キーワード 一酸化二窒素、硝酸流亡、硝化抑制剤、放牧草地、家畜尿
背景・ねらい 牧草草地において排せつされる家畜尿に含まれる窒素の一部は牧草の養分として吸収される。しかし、放牧家畜の尿には多くの窒素が含まれるため、牧草に吸収されない窒素は温室効果ガスである一酸化二窒素(N2O)の発生および硝酸流亡を引き起こすことが知られている。放牧草地の家畜糞尿からのN2O排出係数1のIPCCガイドライン2のデフォルト値3は施用窒素の1%(羊)および2%(牛)とされており、化学肥料の1%と比較して高いN2O排出係数となっている。また家畜糞尿中の窒素の約3割が硝酸流亡により失われていると考えられている。
一方、これらの環境汚染を低減できる可能性がある資材として、硝化抑制剤4(DCDおよびPD)やウレアーゼ阻害剤5(NBPT)、バイオ炭6の施用について、世界の様々な地域において圃場試験が行われている。圃場試験はこれらの資材の評価のための基本となるものであるが、圃場試験の結果は場所により大きくばらつくことが知られており、これらの資材の平均的な効果は明らかでない。このため、圃場試験データを収集して統計的解析を行い、これらの資材の施用による環境汚染低減および牧草収量増加について、世界における平均的な効果を明らかにする。
成果の内容・特徴
  1. 家畜尿に関する世界の測定期間30日以上の放牧草地試験データを収集し統計解析(メタアナリシス)した結果、放牧草地における硝化抑制剤(DCD)の施用はN2O発生削減(-51%)および硝酸流亡低減(-46%)に有効である一方で、牧草の窒素吸収量(+14%)および収量を有意に増加させる(+7%)(図1)。またウレアーゼ阻害剤(NBPT)と硝化抑制剤(DCD)の同時施用も同様にこれらの環境汚染削減ならびに牧草の窒素吸収量と収量増加に有効である。
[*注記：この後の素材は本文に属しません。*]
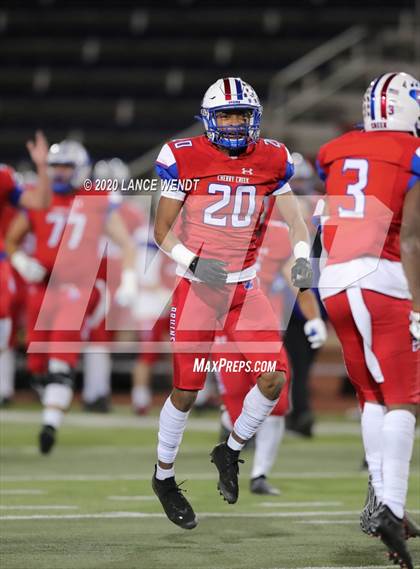 Thumbnail 3 in Valor Christian vs. Cherry Creek (CHSAA 5A State Championship) photogallery.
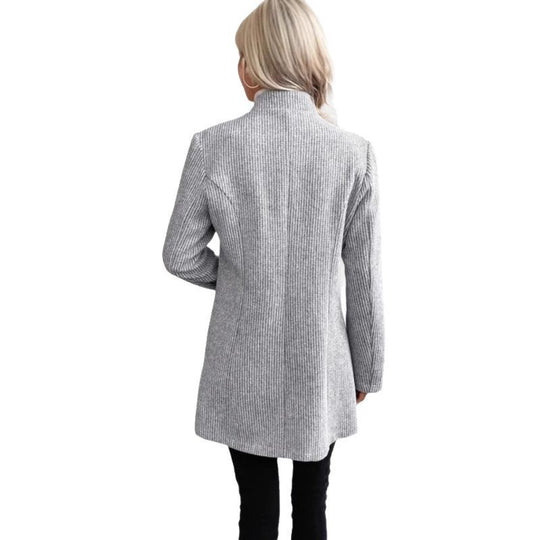 Damen Moderne Strickblazer mit schmalem Schnitt und eleganten Details EB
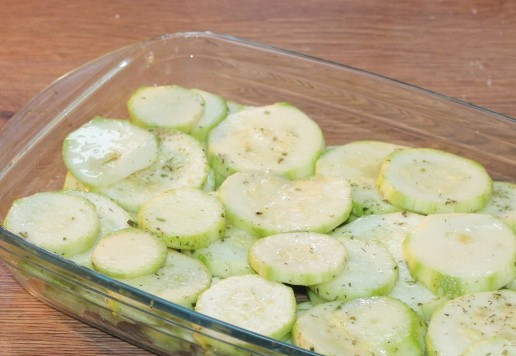 1. Этап. Куриные котлеты на кабачковой подушке: 9. Раскладываем кружочки кабачков в формочке для запекания. И включаем духовку на разогрев 180 С.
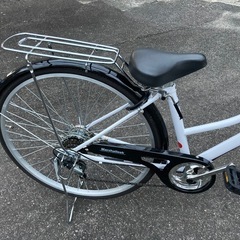 自転車 ホワイト色　の画像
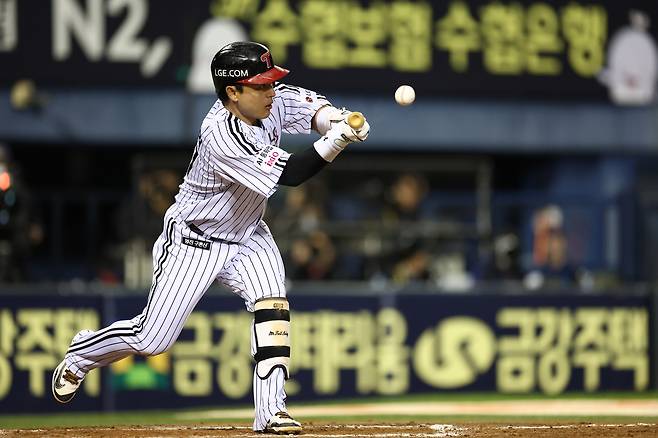 LG 박동원이 지난 27일 서울 잠실야구장에서 열린 2025 프로야구 한국시리즈 한화와의 2차전 7회 말 무사 2루에서 번트를 대고 있다. 연합뉴스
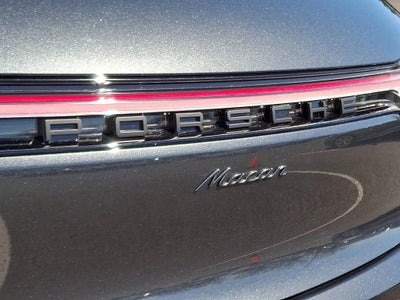 2026 Porsche Macan Base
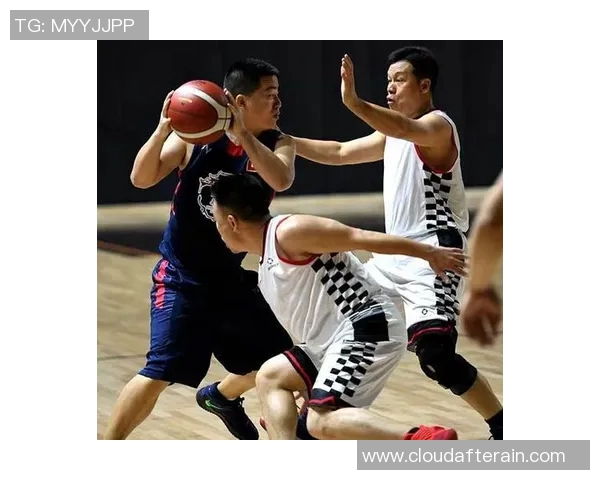 成都篮球队荣登篮球战术排行榜第三名引发热议 成都篮球队荣登篮球战术排行榜第三名引发热议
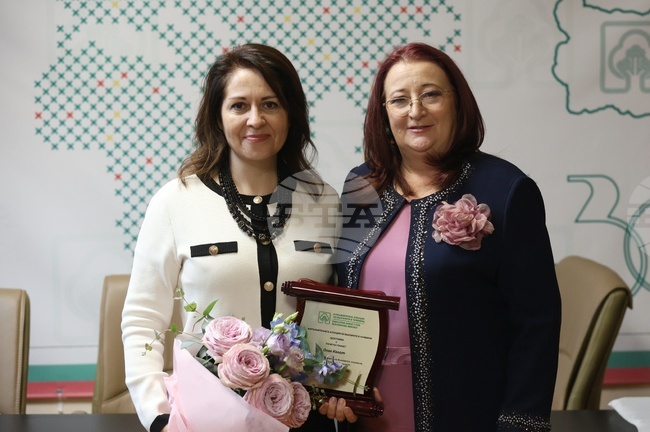 Изпълнителна агенция за българите в чужбина - награда - връчване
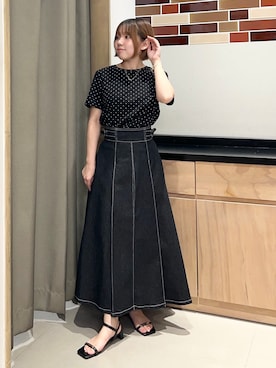 「THE SHOP TK （ザ ショップ ティーケー ）の大人にちょうどいい チャーム付きドット柄Tシャツ（Tシャツ/カットソー、ブラック系）」を使った、かのさん（レディース・147cm）の夏コーディネート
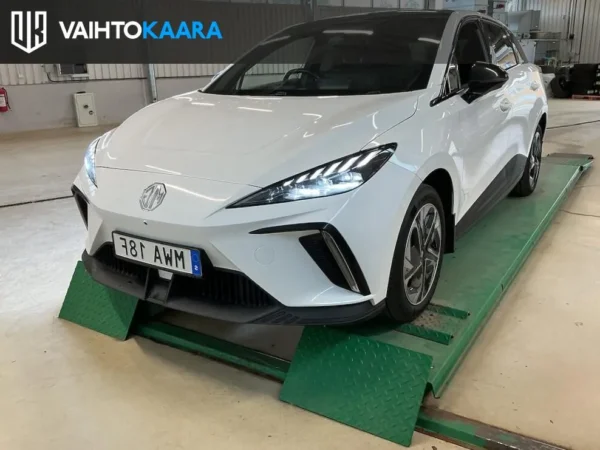 MG MG4 64kWh Luxury 150kW # Adapt.vakkari, 360 kamerat, Navigointi, Blis, Parkkitutkat, 2 x renkaat #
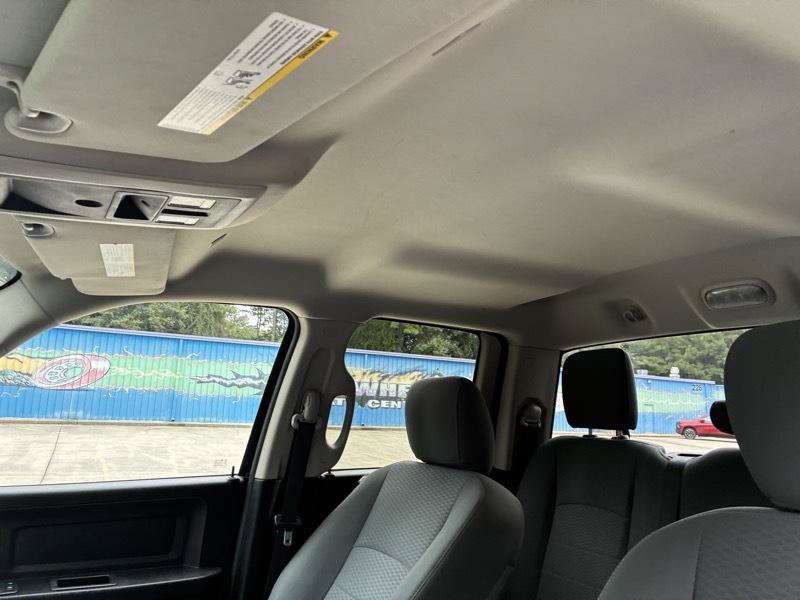 Used 2017 RAM 1500 Express RWD image 25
  2. 一方、異なる硝化抑制剤(PD)、ウレアーゼ阻害剤(NBPT)の単独施用、およびバイオ炭の施用によるN2O発生抑制効果は有意でなく、窒素吸収量および収量を増加させる効果も見られない。
成果の活用面・留意点
  1. 放牧草地のN2O発生削減および硝酸流亡低減ならびに収量増加に活用できる。
  2. 硝化抑制剤(PD)、ウレアーゼ阻害剤(NBPT)およびバイオ炭の施用の効果については、データ数が十分でないため、正確な評価を行うためにはより多くの圃場実験が必要である。
  3. DCDの環境影響ならびに植物吸収の可能性が指摘されており、現場の適用にあたってはこれらの点を明らかにする必要がある。